**Assignment:**
Somewhere below is a line with "Die Entwicklung begann" and, later, a line with "Ab 1976 wurde"; repeat those two lines and all the lines between them, exactly as they are.

**Records for this exercise:**

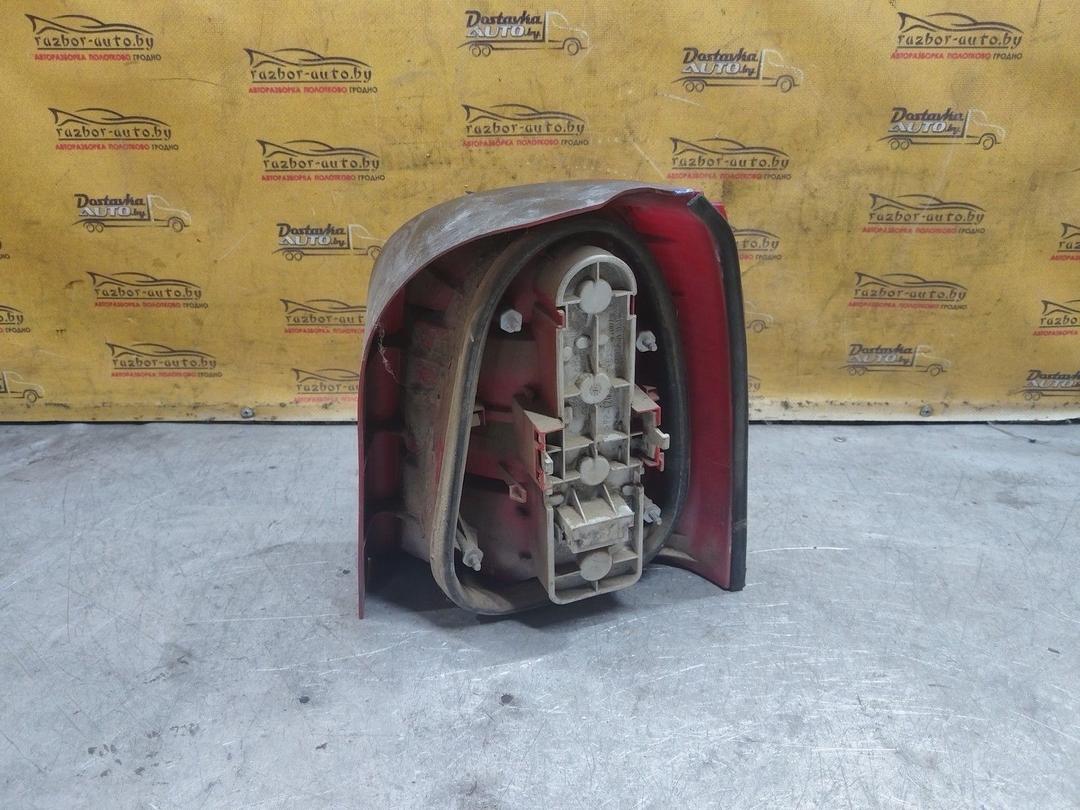 Фонарь задний левый VPU1WG Audi A4 купить в магазине запчастей бу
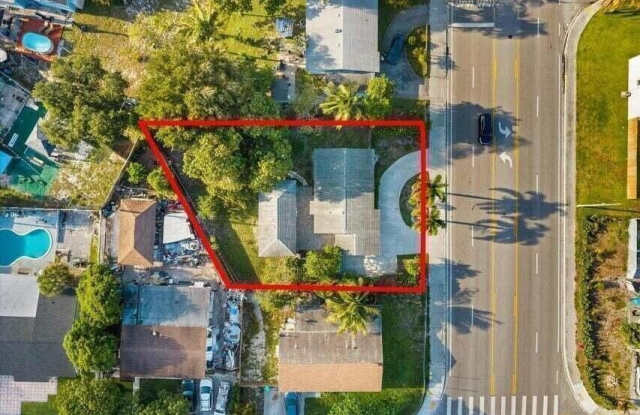 2831 N SEACREST Boulevard Gallery 1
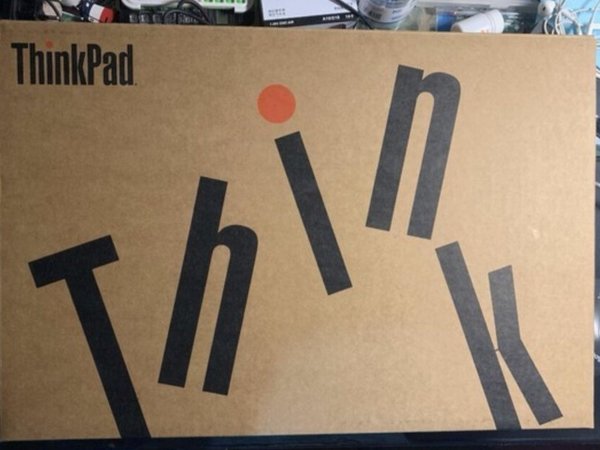 重量方面不算太重虽然是15寸的笔记本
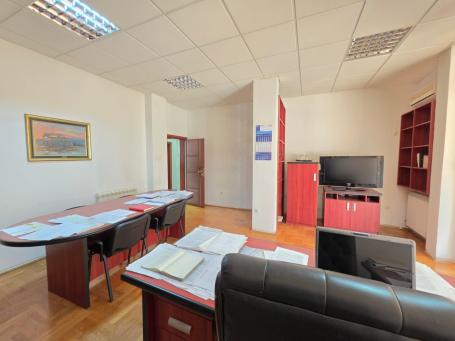 Prodaja poslovnog prostora 121 m² sa 5 odvojenih prostorija i parking mestom – na atraktivnoj lokaci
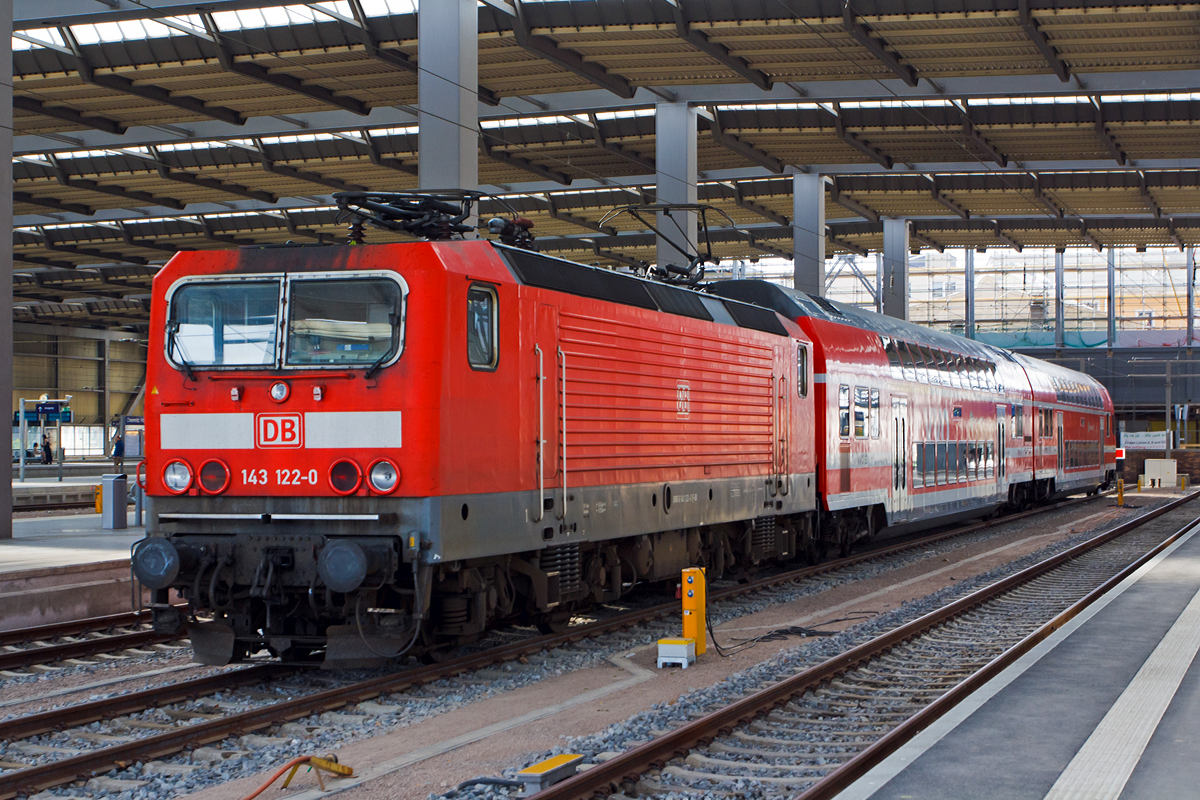 Die 143 122-0 (ex DR 243 122-9) der DB Regio steht am 25.08.2013 mit einem Nahverkehrszug (S-Bahn Dresden) im Hauptbahnhof Chemnitz.

Die Lok wurde 1986 bei LEW (VEB Lokomotivbau Elektrotechnische Werke Hans Beimler Hennigsdorf) unter der Fabriknummer 18498 gebaut und als DR 243 122-9 an die Deutsche Reichsbahn geliefert, 1992 erfolgte die Umzeichnung in DR 143 122-0 und 1994 in DB 143 122-0. Sie trgt die NVR-Nummer  91 80 6143 122-0 D-DB und die EBA-Nummer  EBA 01C17A 122.
Die 

Die Entwicklung begann in Ende der 70er-Jahre, und basiert auf dem Prototyp 212 001-2  Weie Lady .
Ab 1976 wurde von der Deutschen Reichsbahn in der DDR die Streckenelektrifizierung auf Grund der lverteuerung wieder forciert, nachdem man zehn Jahre zuvor noch ganz auf von russischem Diesell getriebene Loks gesetzt hatte. Der VEB Lokomotivbau Elektrotechnische Werke Hans Beimler Hennigsdorf (LEW), einziger Hersteller von E-Loks in der DDR, bekam den Auftrag, ausgehend von der bewhrten schweren Gterzuglok der Baureihe 250 eine leichtere und technisch modernere vierachsige Variante fr den Personenzug- und mittelschweren Gterzugdienst zu entwickeln. Die mechanischen Komponenten wurden in Hennigsdorf entwickelt und hergestellt. Die Elektromotoren kamen vom VEB Sachsenwerk Dresden.

Bereits auf der Leipziger Frhjahrsmesse 1982 konnte der Prototyp 212 001-2 der ffentlichkeit vorgestellt werden. Nach der Messe begann die DR mit der Erprobung der 140 km/h schnellen Lok, die konstruktiv aber fr 160 km/h ausgelegt war. Nach der Probezerlegung wurde die Getriebebersetzung gendert und die Maschine 1983 in 243 001-5 umbezeichnet. Durch die genderte bersetzung konnte die Zugkraft deutlich erhht werden, wobei die Hchstgeschwindigkeit auf 120 km/h reduziert wurde.

Da 1984, mit Ausnahme der Versuchsstrecke Halle - Kthen, nirgendwo im DR-Netz mehr als 120 km/h gefahren werden durfte, wurde zunchst die Mehrzwecklok der Reihe 243 in Auftrag gegeben und nicht die schnellere vorgesehene BR 212. 1984 wurden die ersten 20 Lokomotiven ausgeliefert, Ende 1989 wurde die 500. Lokomotive ausgeliefert.

Die ab 1987 hergestellten Loks wurden (ab der Ordnungsnummer 300) mit einem strmungsoptimierten Kopf ausgestattet, der durch einen verringerten Luftwiderstand den Energieverbrauch um etwa fnf Prozent reduzierte. Die 112.0 und 112.1 wurden spter ebenfalls mit dieser Kopfform gebaut.

Ab 1988 erhielten die Loks der Baureihe 243.8 eine Vielfachsteuerung, um ein Fahren in Doppeltraktion zu ermglichen. Daran anschlieend wurden bis Dezember 1990 nochmals 109 Lokomotiven ohne Vielfachsteuerung beschafft, so dass die DR insgesamt ber 636 Loks der Baureihe 243 verfgte. Mit 243 659-0 ging am 2. Januar 1991 die letzte 243 in Betrieb.

Nach der Wirtschafts-, Whrungs- und Sozialunion mit der Bundesrepublik kam der Gterverkehr in der ehemaligen DDR praktisch zum Erliegen, und groe Teile des 243er-Bestandes standen auf den Abstellgleisen. Ab August 1990 wurde die damalige DR 243 922-2 / spter DB 143 922-3 an die Schweizerische Sdostbahn AG (SOB) vermietet (bis 1995), andere gingen zur Erprobung an die Bundesbahn nach Freiburg und Dsseldorf und bewhrten sich.

Bis Mitte 2013 wurden aber bereits 220 Triebfahrzeuge der Baureihe 143 verschrottet. Ursache ist zum Teil die Leichtbauweise und die fehlende Crash-Optimierung, so dass auch bei leichten Aufprallschden der Lokkasten abknickt und dabei der Rahmen mit verzogen wird. Dies fhrt schnell zu Totalschden mit anschlieender Verschrottung. Die relativ geringe Hchstgeschwindigkeit von 120 km/h und die fehlende Nutzbremse werden den Lokomotiven bei Neuausschreibungen zum Verhngnis, zuletzt wurden bei sehr vielen Ausschreibungen Neufahrzeuge gefordert. Auerdem fehlt es heutzutage teilweise an einigen Ersatzteilen. Die komplizierte Elektronik wurde damals zum Teil auch in Osteuropa produziert und seit deren Inbetriebnahme sukzessive modernisiert.

Technische Daten:
Gebaute Anzahl:  646
Hersteller:  LEW Hennigsdorf
Spurweite: 1.435 mm
Achsformel:  Bo´Bo´
Lnge ber Puffer:  16.640 mm
Dienstmasse:  82,5 t
Hchstgeschwindigkeit:  120 km/h
Stundenleistung:  3.720 kW
Dauerleistung:  3.500 kW
Anfahrzugkraft:  240 kN
Stromsystem:  15 kV 16,7 Hz ~
Antrieb:  LEW-Kegelringfeder
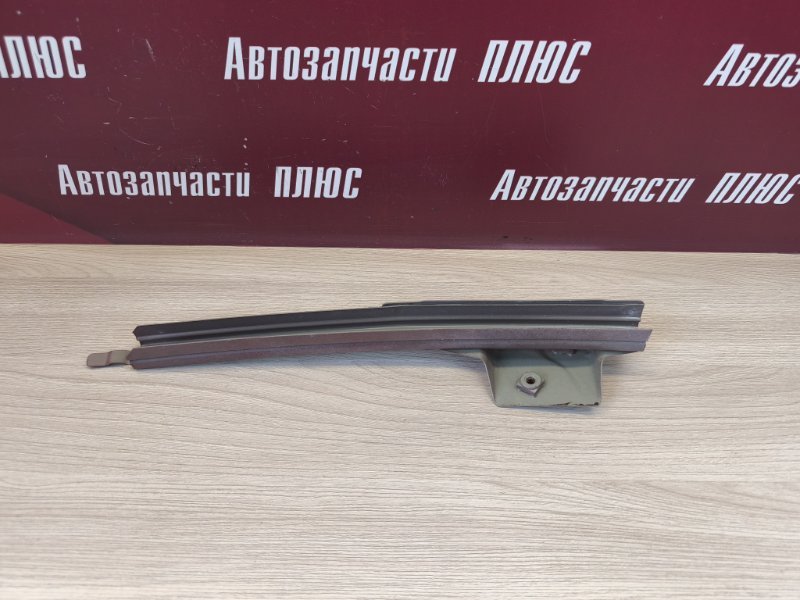Направляющая стекла двери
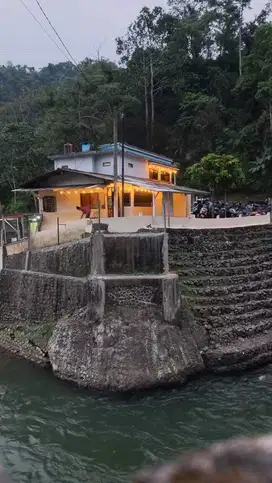 Dijual cepat rest area dijalan raya provinsi Ciwidey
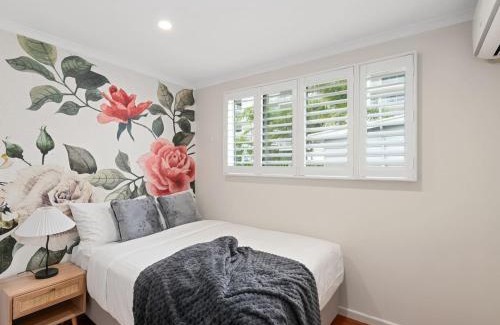 Coorparoo Casa | Stylish 4Bedroom Stay Outdoor Dining and City Access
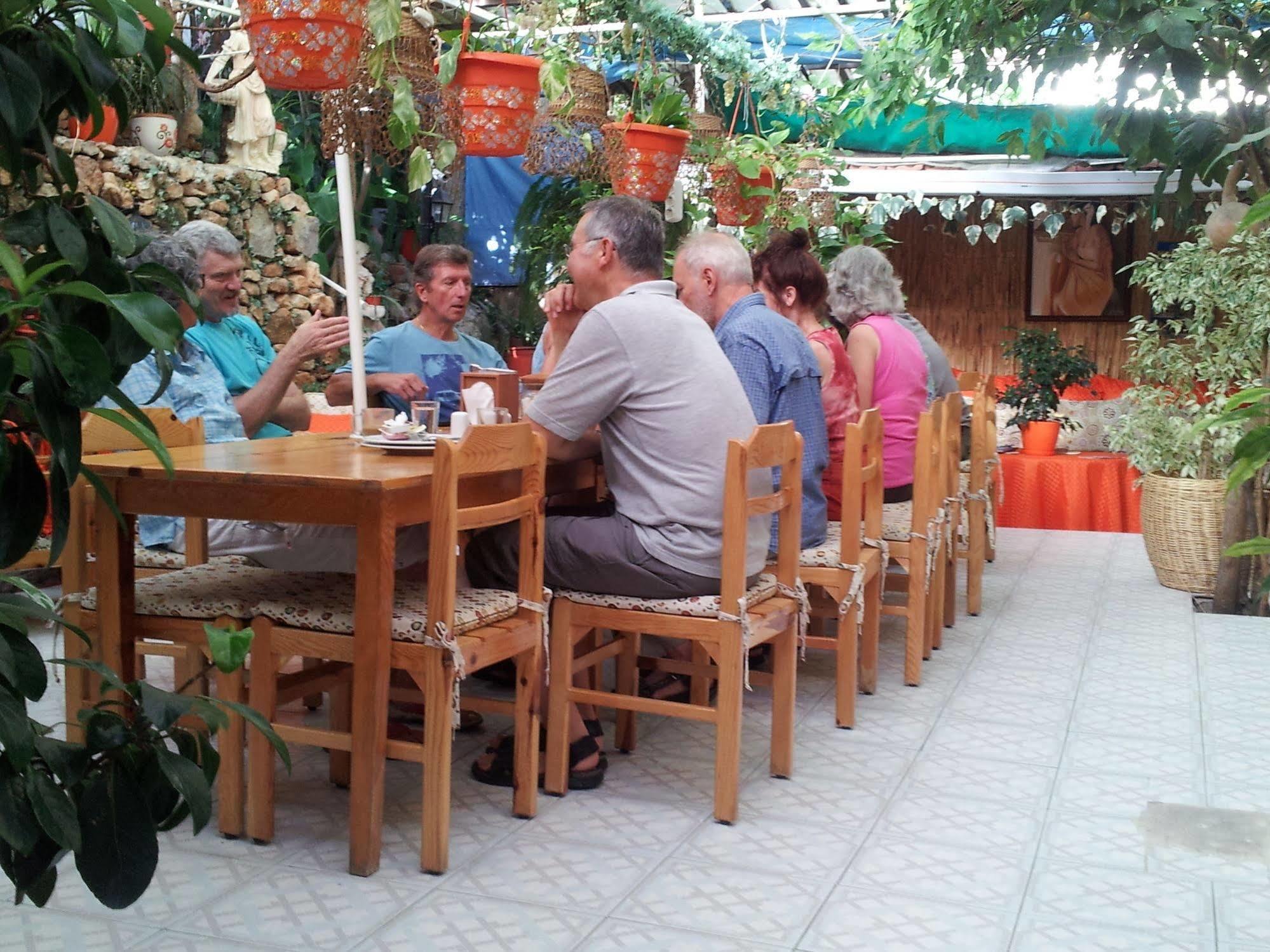 Ferah Hostel Monica'S Place Фетхие Экстерьер фото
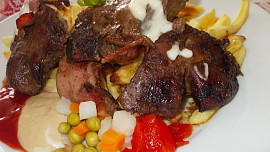 Restovaná  vepřová játra s jemným vinným přelivem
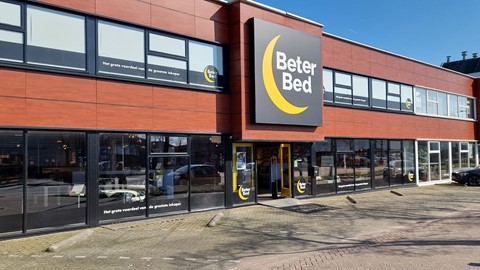 een gebouw met een uithangbord op de voorkant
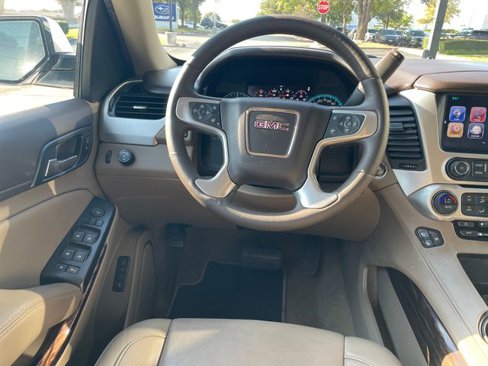 Used 2017 GMC Yukon SLT w/ Open Road Package image 13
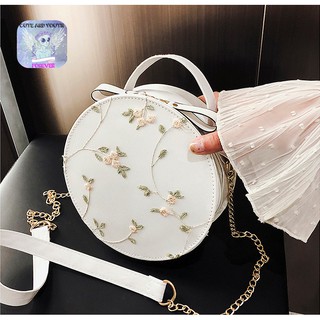 Túi đeo chéo thêu hoa tiểu thư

**Task output:**
Die Entwicklung begann in Ende der 70er-Jahre, und basiert auf dem Prototyp 212 001-2  Weie Lady .
Ab 1976 wurde von der Deutschen Reichsbahn in der DDR die Streckenelektrifizierung auf Grund der lverteuerung wieder forciert, nachdem man zehn Jahre zuvor noch ganz auf von russischem Diesell getriebene Loks gesetzt hatte. Der VEB Lokomotivbau Elektrotechnische Werke Hans Beimler Hennigsdorf (LEW), einziger Hersteller von E-Loks in der DDR, bekam den Auftrag, ausgehend von der bewhrten schweren Gterzuglok der Baureihe 250 eine leichtere und technisch modernere vierachsige Variante fr den Personenzug- und mittelschweren Gterzugdienst zu entwickeln. Die mechanischen Komponenten wurden in Hennigsdorf entwickelt und hergestellt. Die Elektromotoren kamen vom VEB Sachsenwerk Dresden.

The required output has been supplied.